Segment Start: Recorded information
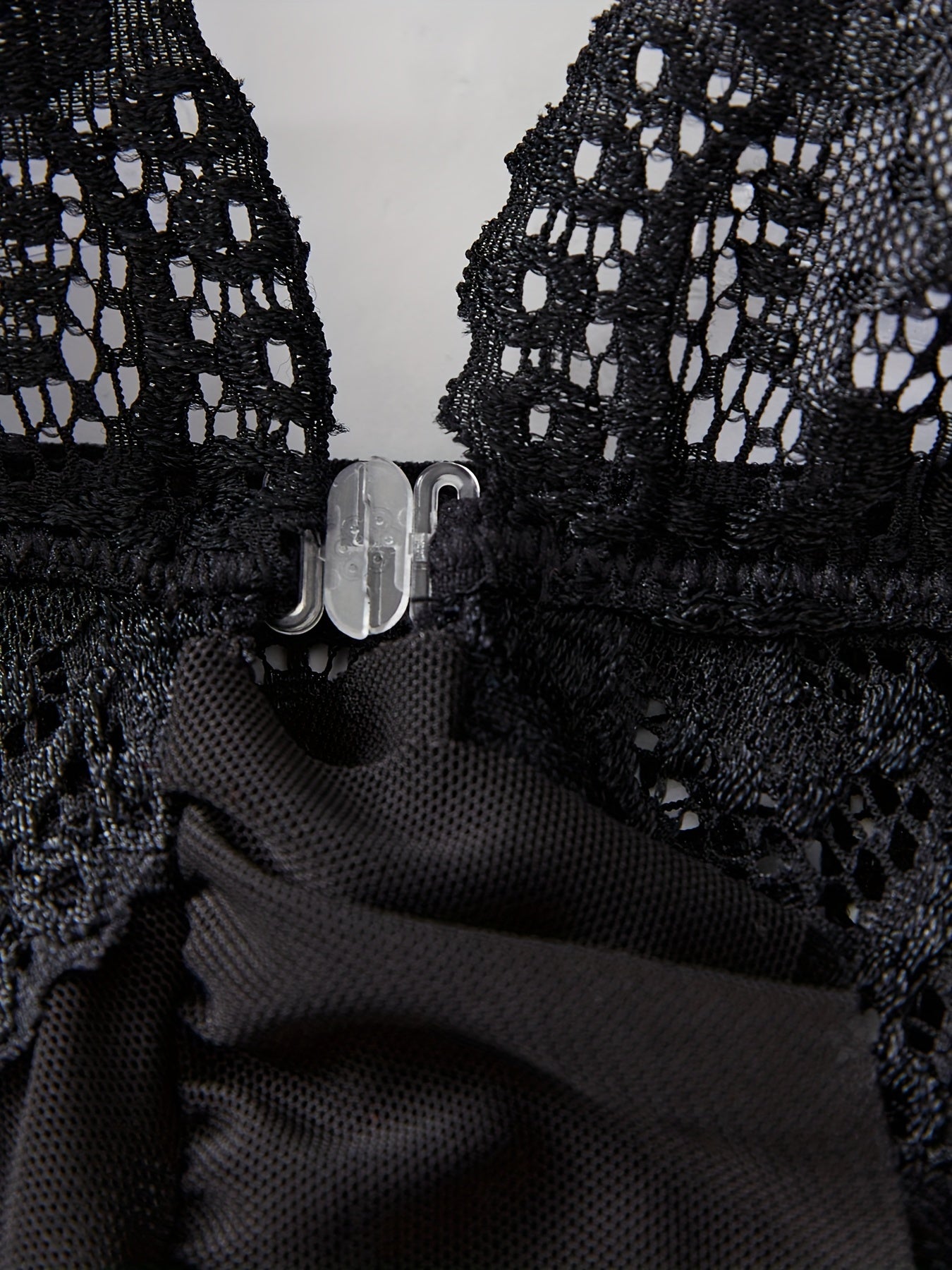 Jozibali dantel ichki kiyim to'plami chuqur V kesimli ko'ylak va thong bilan.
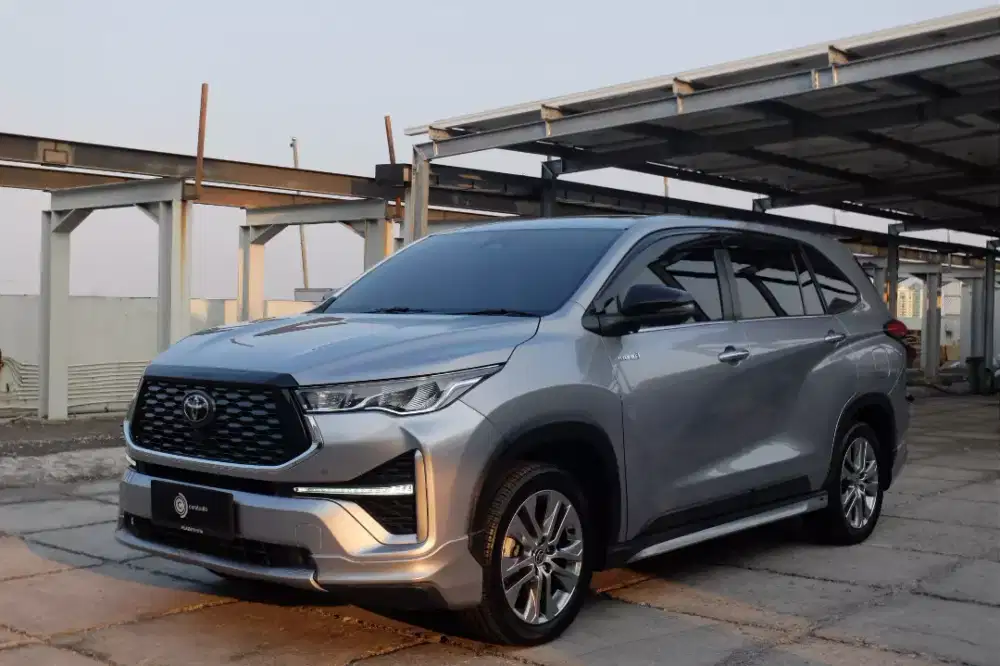 Toyota Kijang Innova Zenix Q modelista Hybrid HEV 2023 2024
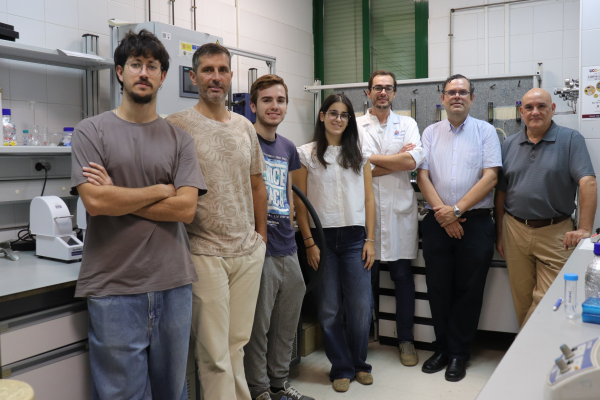 Imagen de la noticia: Un equipo de la UCO ensaya con cobre una producción de hidrógeno más barata y verde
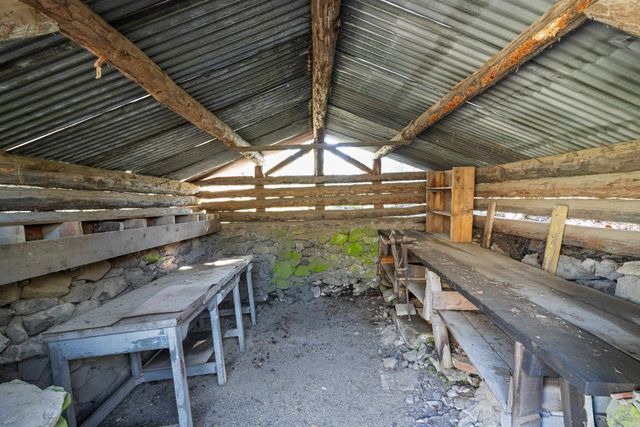 6721 W Greenwood Rd, Spokane, WA 99224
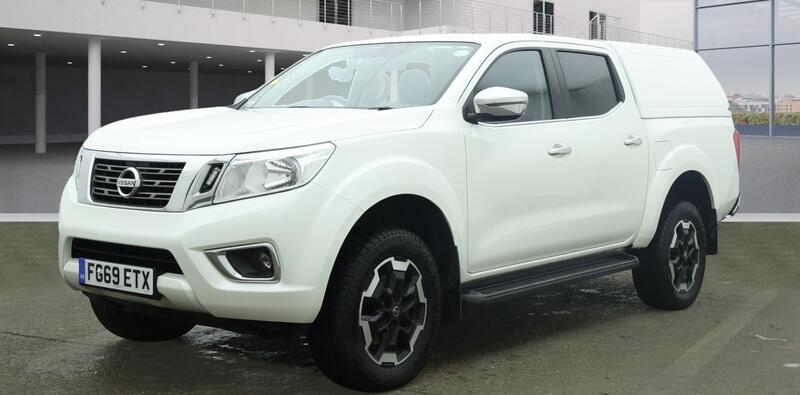 NISSAN NAVARA 2.3 dCi N-Connecta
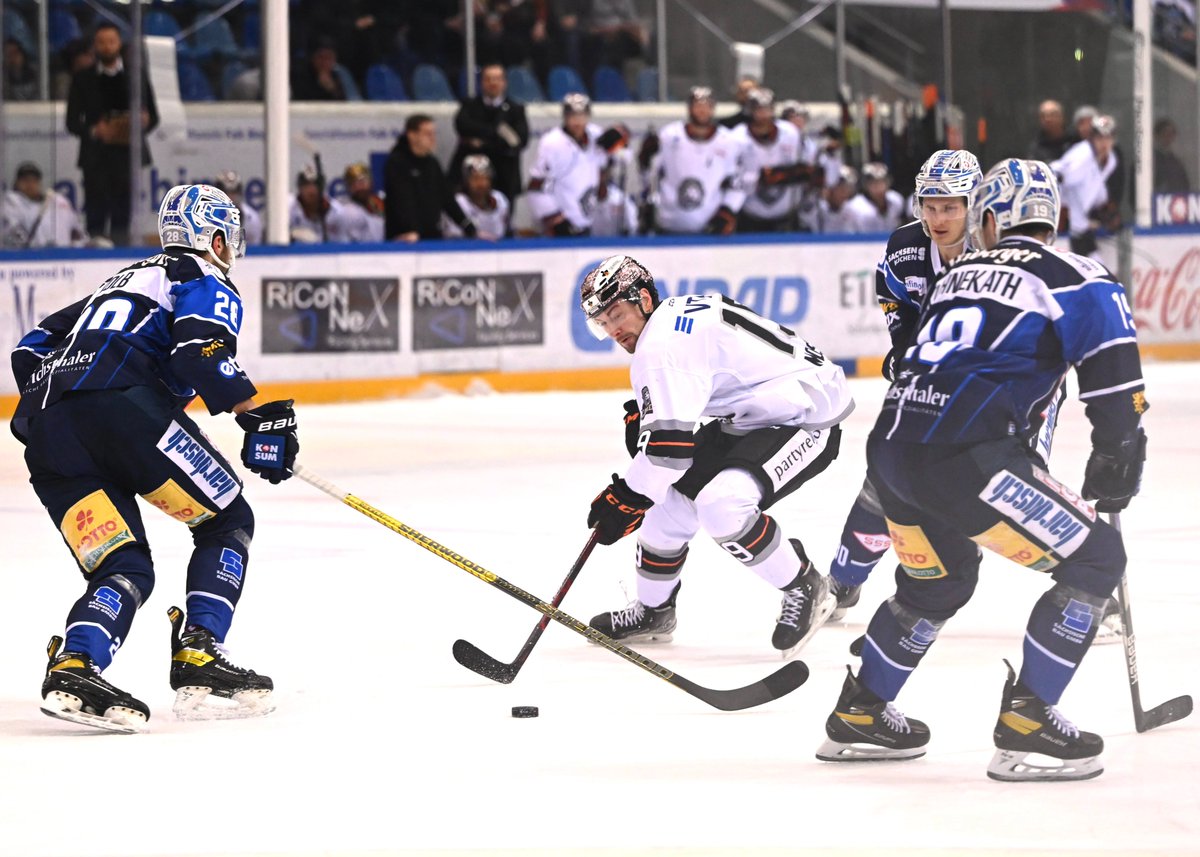 DEL2_News's tweet photo. Die @loewenfrankfurt siegen im Spitzenspiel gegen die @Eisloewen mit 3:2.
Foto: Julia Peter #del2 #HerzblutEishockey #drefra https://t.co/GA2klYJh7V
Segment End: Recorded information
Problem -
Your copy must hold every record above in its exact wording and must hold no pictures.

Task output -
 Jozibali dantel ichki kiyim to'plami chuqur V kesimli ko'ylak va thong bilan.
 Toyota Kijang Innova Zenix Q modelista Hybrid HEV 2023 2024
 Imagen de la noticia: Un equipo de la UCO ensaya con cobre una producción de hidrógeno más barata y verde
 6721 W Greenwood Rd, Spokane, WA 99224
 NISSAN NAVARA 2.3 dCi N-Connecta
 DEL2_News's tweet photo. Die @loewenfrankfurt siegen im Spitzenspiel gegen die @Eisloewen mit 3:2.
Foto: Julia Peter #del2 #HerzblutEishockey #drefra https://t.co/GA2klYJh7V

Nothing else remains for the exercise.